それにフロウは「別の人物に変身して時々しか村に訪れない理由を作るのも面倒だ」と言い、村に行くのを諦めてしまったのです。
——もしかしたら、フロウがオズルを独り立ちさせたのは、「あたしはもう村にはいかない」と決別するためだったのかもしれません。
「人間を信じてはいけない」と、無理矢理にでも自分に信じ込ませるため——。
「あらフィリップ、いくつ?」
「今年で14になりました」
「まあ、猫だわ!猫飼ってたの?」
「ええ。フィリーと言います」
「可愛らしい子ねえ」
「困ったことがあったら遠慮なく言うのよ」
「ありがとうございます」
色々な人に矢継ぎ早に話しかけられ、オズルは家に入る前にヘトヘトになってしまいました。しかし、オズルは気を取り直して家に入ります。
「あ、しまった」
しかし、オズルはあることに気がつきます。
「家具が何にもない」
そう。家は空っぽで、何もなかったのです。
これでは本もしまえませんし、寝ることも、料理も、食事もまともにできません。
(雑貨類はキンダーヘイルで揃えないと。でも、布団とか、服とか、家具って……どこで、揃えればいいんだろう?)

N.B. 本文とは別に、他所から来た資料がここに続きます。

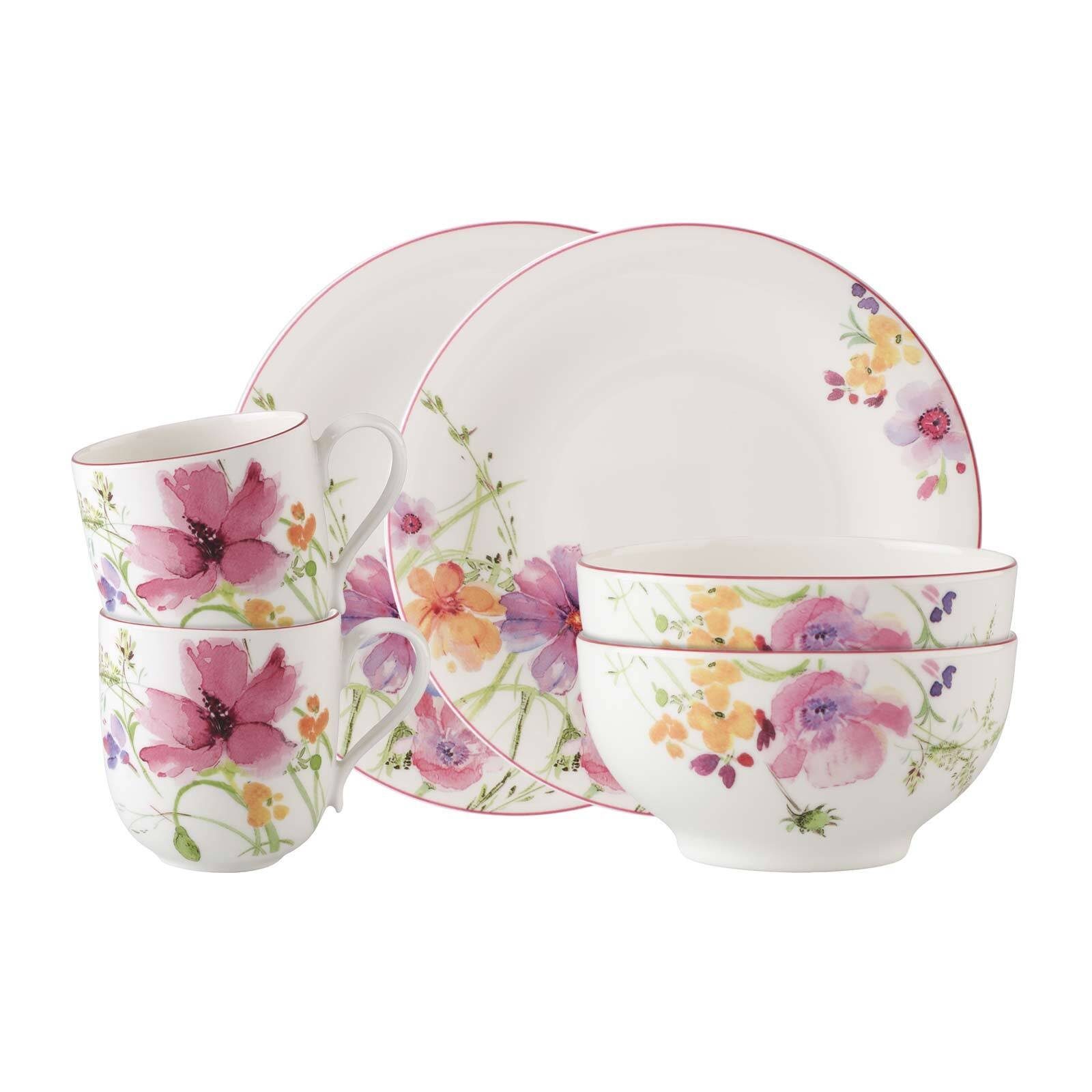 Villeroy & Boch Kombiservice Mariefleur Basic Frühstücks-Set (6-tlg), Porzellan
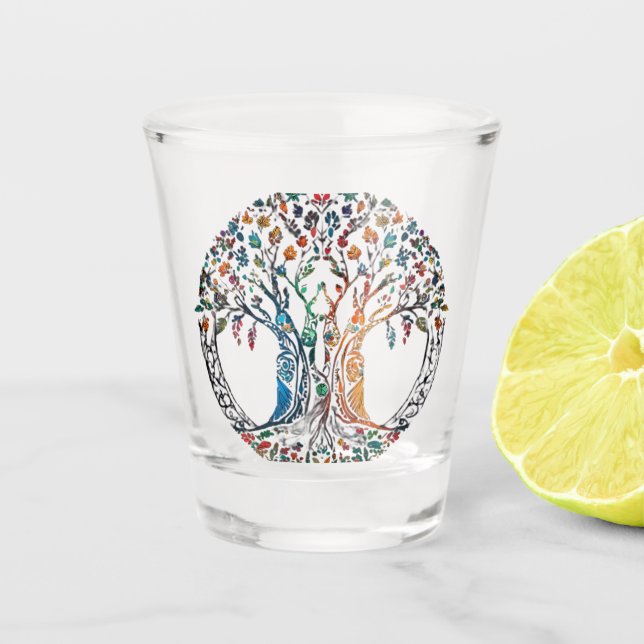 Tree of Life Vivid colored  Shot Glass (Front)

オズルは昔村に住んでいたとはいえ、村のことを何も知りません。本物のよそ者ぐらい、知らなかったのです。なので、まだ表にいる人たちに尋ねてみることにしました。
埃のかぶったカーテンを開けて(これだけが唯一家にあるものでした)、あまりにも開けていなかったからか少し硬い窓を開くと、「すみません。家具屋さんってどこですか?」と問いました。
するとそこにいた人たちは口々にこう言います。
「家具は"家具屋のウラン"が一番だよ!」
「店主のギニアは優しいし、奥さんのユリーシャも美人だしねえ」
「ユリーシャは服屋をやってなかったっけか?」
「事情を知れば、もしかしたらただで色々家具をくれるかも知れないぞ」
村人たちによると、"家具屋のウラン"が一番いいようでした。しかも家具屋さんの奥さんは服屋さんをやっているというのです。こんなにいい話、なかなかありません。
(……行ってみようかな)
オズルは礼を言い、家具屋のウランに向かうことにしました。